Welcome back to another week of work on the luminary project, for those of us who are new here, welcome again and you might ask;

What is Luminary

Luminary is an open-source platform created to celebrate and recognize women for their achievements and contributions to society. The platform aims to highlight women making an impact across different fields, giving them a place where their work can be acknowledged, discovered, and shared with a wider audience.

The project is being built collaboratively by contributors across multiple roles including frontend, backend, and design, with a focus on creating a scalable and accessible recognition platform.

What I worked on this week

This week my work focused largely on maintaining the codebase and building core backend infrastructure. As the Lead Maintainer, part of my responsibility is ensuring the project remains stable and contributor-friendly while also stepping in where technical gaps exist.

This week I also filled in as the Backend Lead, helping to establish the foundational backend architecture for the platform.

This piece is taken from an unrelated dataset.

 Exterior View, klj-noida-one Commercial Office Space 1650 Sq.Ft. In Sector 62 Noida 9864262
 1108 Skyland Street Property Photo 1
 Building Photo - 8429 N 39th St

Here’s a breakdown of the main tasks I worked on:

  • Set up and configured the initial deployment for the project website → https://luminary-for-women.netlify.app/
  • Began building the backend service for Luminary
  • Refactored sections of the codebase to support proper deployment and project structure
  • Implemented API endpoints for:
    • Submitting a nomination for a woman
    • Searching through the nominated women directory
  • Designed and structured the database schemas required for the nomination system
  • Coordinated repository maintenance tasks to ensure the project remained organized and contributor-friendly

Technical Implementation Breakdown

The Luminary backend follows a Node.js + Express architecture, providing a RESTful API layer that communicates with a PostgreSQL database managed through Supabase.

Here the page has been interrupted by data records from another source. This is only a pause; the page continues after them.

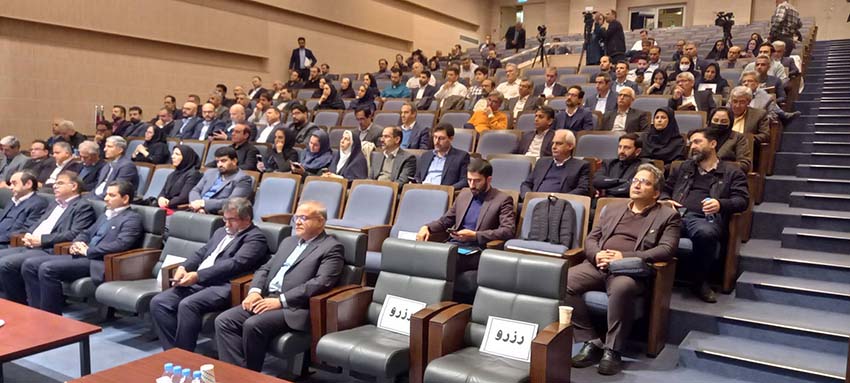 بررسی برنامه‌های مشترک وزارت نفت و نیرو برای گسترش انرژی‌های تجدیدپذیر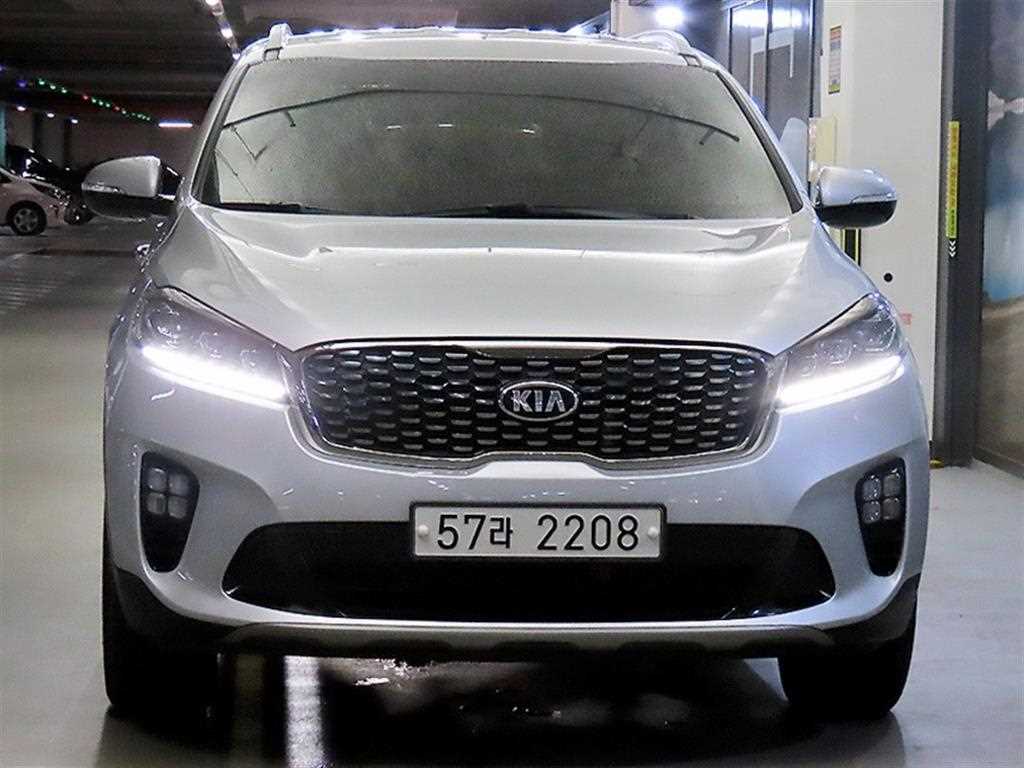 기아 쏘렌토 디젤 2.2 2WD 넘버원 에디션 사진 2/20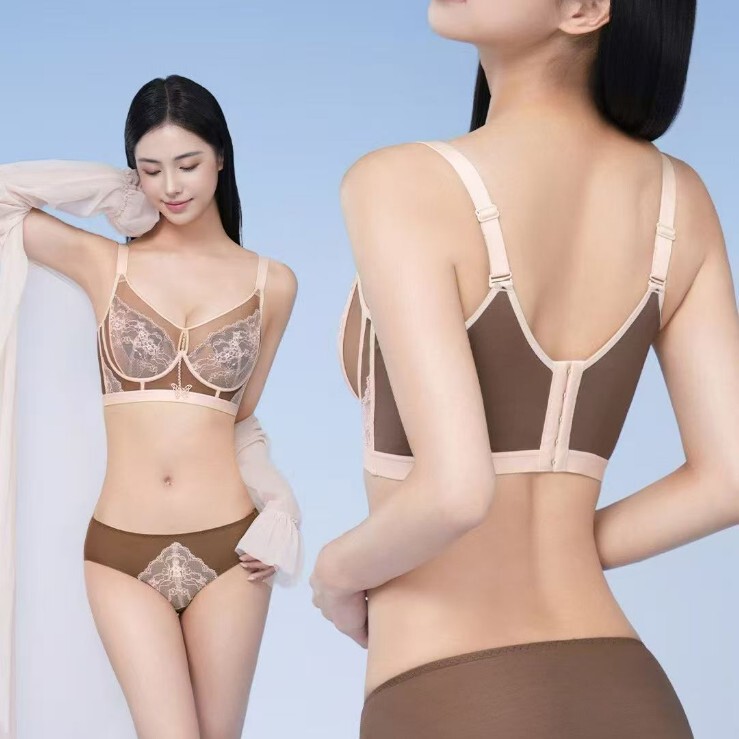9525 Ultra-Thin C Cup Soft Steel Ring Crystal Cup Sexy Lace Light Push-Up Bra for Women with Large Busts That Appear Smaller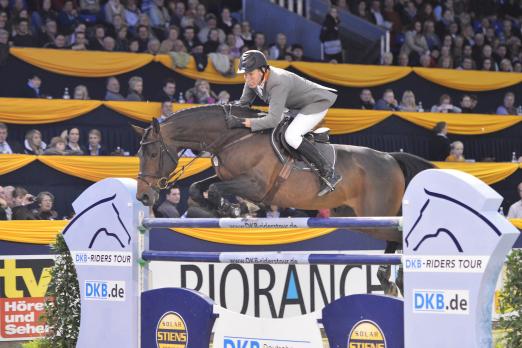 Foto: Ludger Beerbaum mit Chaman - Fotograf: Karl-Heinz Frieler 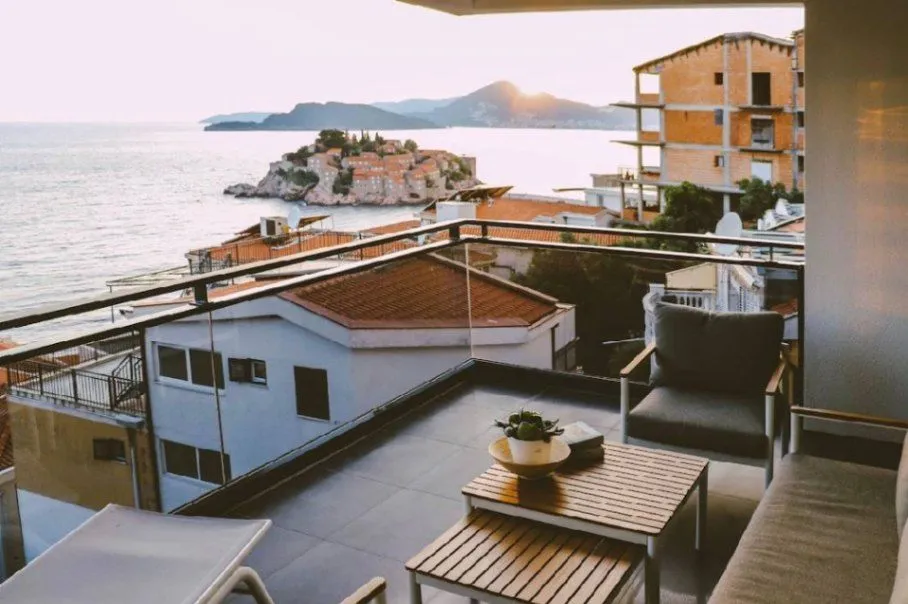 Rent, apartment, 150m², Sveti Stefan, Budva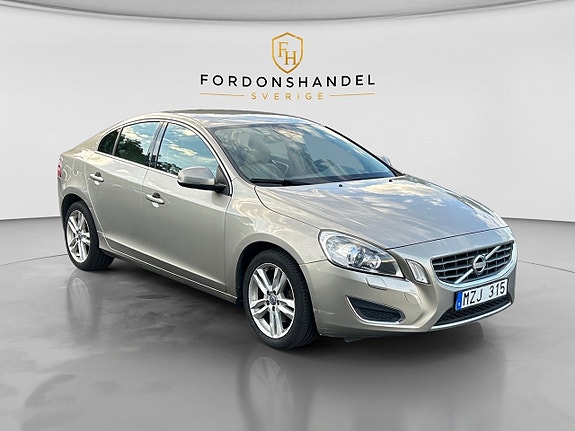 Volvo S60 5 of 5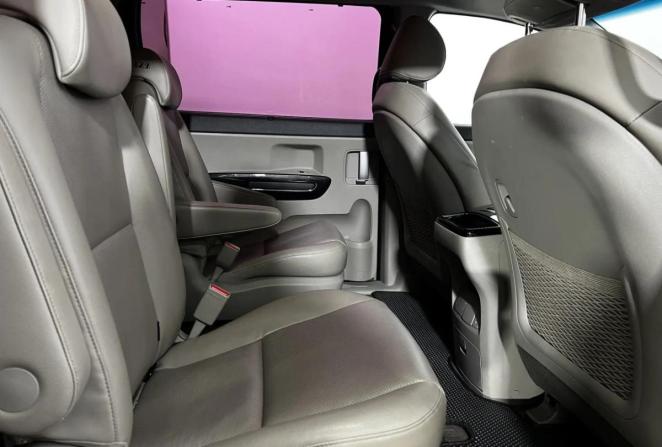 Kia Carnival III с пробегом 2017 года, цена 2 600 000 рублей, 173518 км, минивэн, Автокод Объявления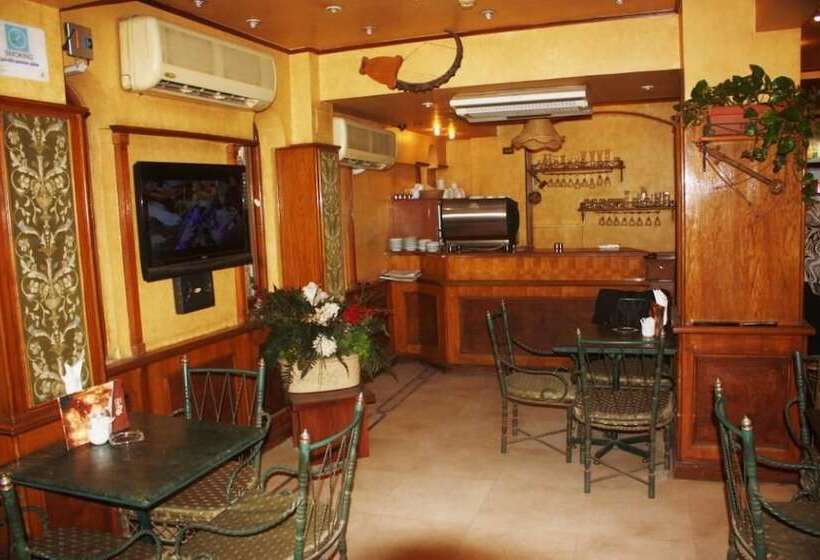 Fotos del hotel Caroline Crillon:  30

The overall architecture currently looks like this:
Frontend

  • Static frontend deployed on Netlify
  • Responsible for displaying nominee profiles and handling nomination submissions Backend
  • Node.js server using Express
  • Handles API requests, nomination submissions, and directory queries
  • Acts as the middleware between the frontend and database Database
  • PostgreSQL database managed through Supabase
  • Stores nomination records, nominator information, and nominee profiles

Database Design

To support the nomination workflow, I designed schemas for three main entities:

Nominee (Woman)

Represents the woman being recognized on the platform. This includes information such as:

  • Name
  • Field or area of contribution
  • Biography or impact description
  • Additional metadata related to recognition

Nominator

Represents the individual submitting the nomination. This allows the platform to track who submitted a nomination while also enabling potential moderation workflows.

Nomination

Represents the actual contribution or recognition entry. This acts as the relationship between the nominator and the nominee, capturing details about the achievement or impact being recognized.

Challenges I Encountered

One of the main technical challenges this week involved deployment issues with Netlify.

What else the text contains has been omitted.